Lowdown: You wouldn’t want this film to meet either of your eyes.
At the risk of sounding childish I openly proclaim myself to be a fan of the Transformers animation series (at least the original one). Yes, I know, a recent re-watch has made it clear the series I liked during high school did not survive the test of time well even if I still know the title song by heart; but still, I could not hold myself from holding my hope up high when I’ve heard of Transformers the movie coming out. Initial doubts crept in when I heard it would be a Michael Bay film; one doesn’t want another Pearl Harbor. Still, Bay did some nice stuff, too: I quite like The Rock, and even The Island was pretty entertaining.
All that is to say that now, having watched Transformers the film, I can say that I was greatly disappointed. So much potential, so bad a delivery!
Failure, in my opinion, is the result of two factors: character development and special effects. Allow me to explain…
Unlike the good old animation series, the film focuses on the humans as the main characters with the robots being mostly called into action for the action sequences. And so we have ourselves a kid whose father buys him his first car. It looks like a total lemon, but guess what – it’s actually an Autobot transformer! Meantime, in some remote desert, US forces find themselves under attack by Decipticon transformers!
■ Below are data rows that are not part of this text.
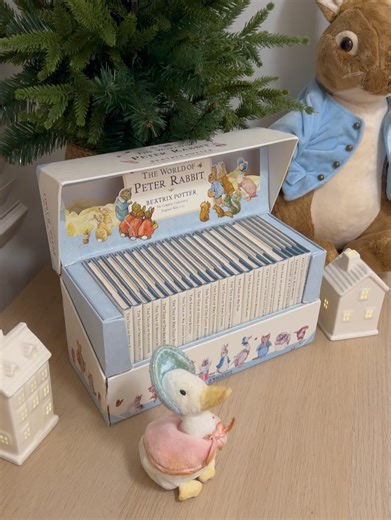 ourministudio on Instagram: "The World of Peter Rabbit By Beatrix Potter🌳 The Complete Collection of Original Tales 1-23 Hardcover with Dust Cover with Plushie | Preloved Yung box my pinagdaanan lng tlga. pero Like new yung books | Comeplete books with dust cover Year Manufactured: 2002 Brand:F.Warne & Co. Price:2200"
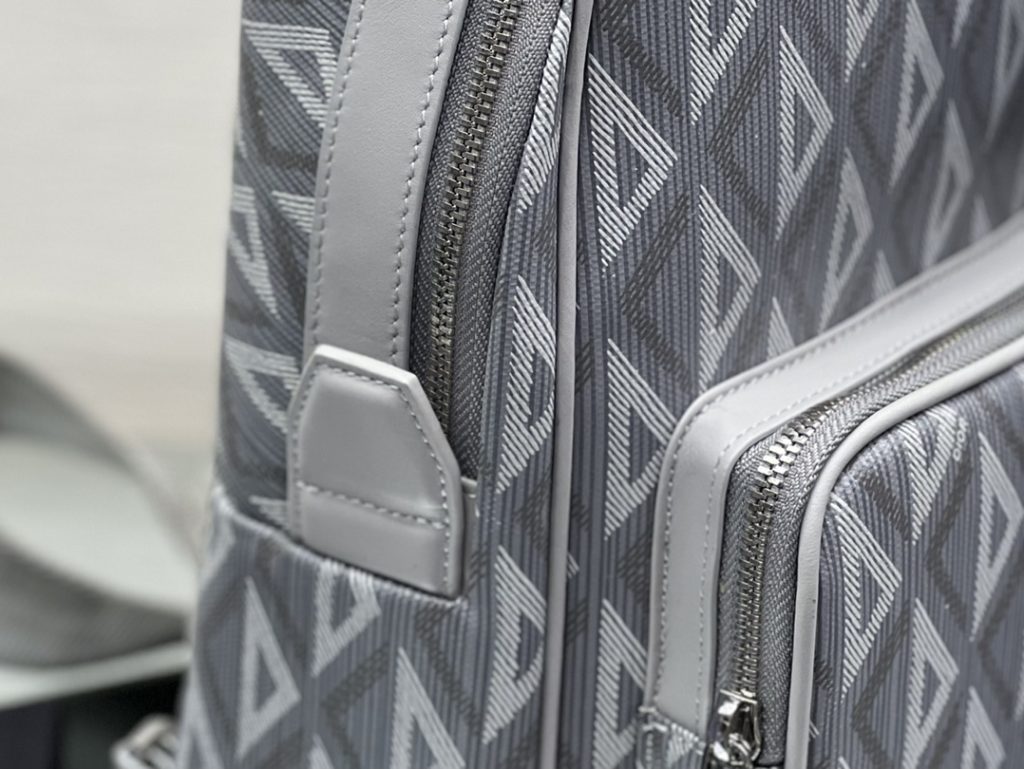 The top-grade original backpack is inspired by the design of Rider backpack, which is practical. Made of Dior grey canvas, it is decorated with CD Diamond pattern, and the front zip pocket is decorated with 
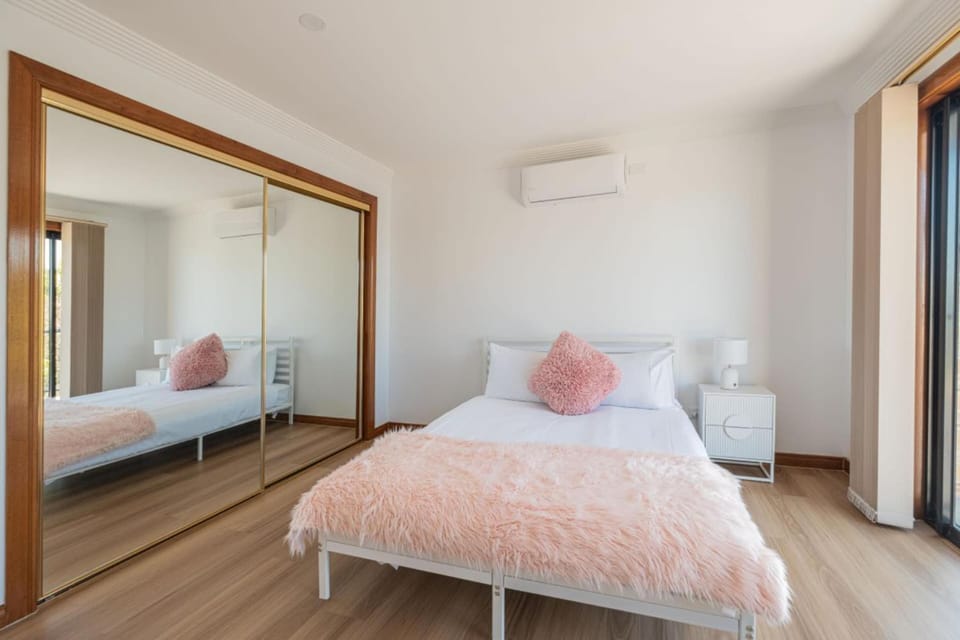 Bed, Photo of the whole room, Bedroom, air conditioner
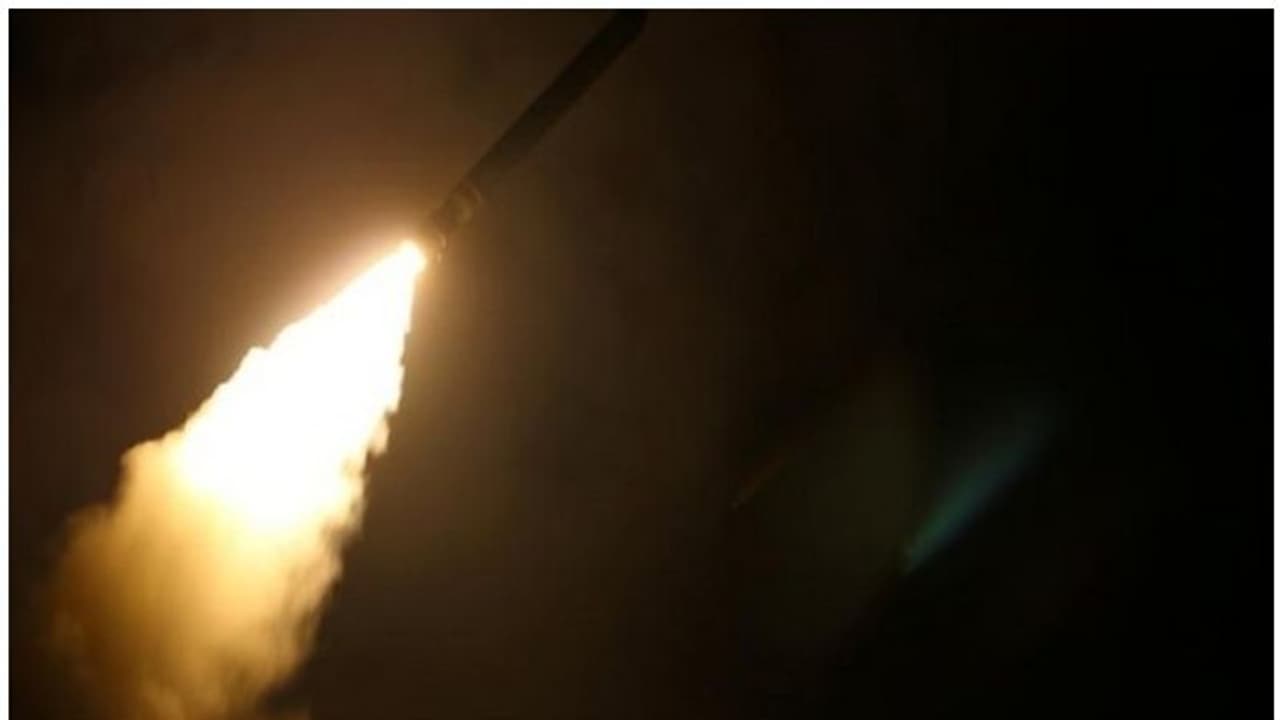 ஹவுதி கிளர்ச்சியாளர்கள் மீது மீண்டும் வான்வழித் தாக்குதல் நடத்தும் அமெரிக்கா! ஹவுதி கிளர்ச்சியாளர்கள் மீது மீண்டும் வான்வழித் தாக்குதல் நடத்தும் அமெரிக்கா!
With one unlikely event leading to another, things all come down to the kid with the car (who finds himself a good looking girl) being the focal point of the fight. The point I am trying to make here is that none of the transformer characters, be it the good Autobots or the evil Decipticons, gets developed into anything close to a round character; it’s just “we’re good” and “they’re evil” type thing. Second, none of the human characters is worth a fuss; they’re all as interesting as yesterday’s newspaper, topped by the hero’s girl whose idea of portraying depth is exposing us to her way too white set of teeth.
Fine, I hear you say, no one watches a film like Transformers for character development; people watch it for the action sequences. I agree, but then again those action sequences are just as annoying as the one dimensional female leads: All are glaringly CGI, and all are shot in this very annoying manner of fast sweeps and quick editing that make it next to impossible if not impossible to tell what’s going on. Pretty tasteless, I would say.
Add plenty of plug-ins (the film feels like an elongated eBay commercial), and you truly wonder what characters such as John Voight or John Turturro are doing there; or what is one Stephen Spielberg doing there as an executive producer.
Best scenes: I would say the scenes with Turturro shine as the best ones here, but that is only because the rest of the film is so bad. He does what he did in Big Lebowski: provide a short appearance as the comic relief.
Picture quality: Shot in high contrast stock, detail is lacking on this one even if the transfer to DVD seems to have been well made.
Sound quality: As expected from such a high caliber stunt, quite aggressively good.
Overall: A mildly entertaining yet totally forgettable 2 out of 5 stars.